= Carbon Emission Reduction Target =

United Kingdom government initiative

The Carbon Emission Reduction Target (CERT) in the United Kingdom (formerly the Energy Efficiency Commitment) is a target imposed on the gas and electricity transporters and suppliers under Section 33BC of the Gas Act 1986 and Section 41A of the Electricity Act 1989, as modified by the Climate Change and Sustainable Energy Act 2006

The original Energy Efficiency Commitment 1 (2002–2005) program required that all electricity and gas suppliers with 15,000 or more domestic customers must achieve a combined energy saving of 62 TWh by 2005 by assisting their customers to take energy-efficiency measures in their homes: suppliers had to achieve at least half of their energy savings in households on income-related benefits and tax credits.

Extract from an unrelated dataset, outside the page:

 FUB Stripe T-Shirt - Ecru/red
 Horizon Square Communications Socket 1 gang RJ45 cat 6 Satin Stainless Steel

In the second phase of the Energy Efficiency Commitment (2005–2008) scheme, energy saving targets were raised to 130 TWh suppliers, and here suppliers with at least 50,000 domestic customers (including affiliated licenses) were eligible for an obligation.

The third phase of CERT (previously known as Energy Efficiency Commitment 3) originally ran from 2008 to 2011 and increased the previous targets to 154 MtC. A consultation document was published alongside the 2007 Energy White Paper, and responses were invited by 15 August 2007. The new scheme is regulated by Electricity and Gas (Carbon Emissions Reduction) Order 2008 (S.I. 2008/188). In 2009 the UK Government increased the emission reduction target by a further 20% to 185 MtC. In 2010 the Government increased the target to 293 MtC, to be achieved over an extended period running until the end of 2012 (see The Electricity and Gas (Carbon Emissions Reduction) (Amendment) Order 2010: S.I.2010/1958).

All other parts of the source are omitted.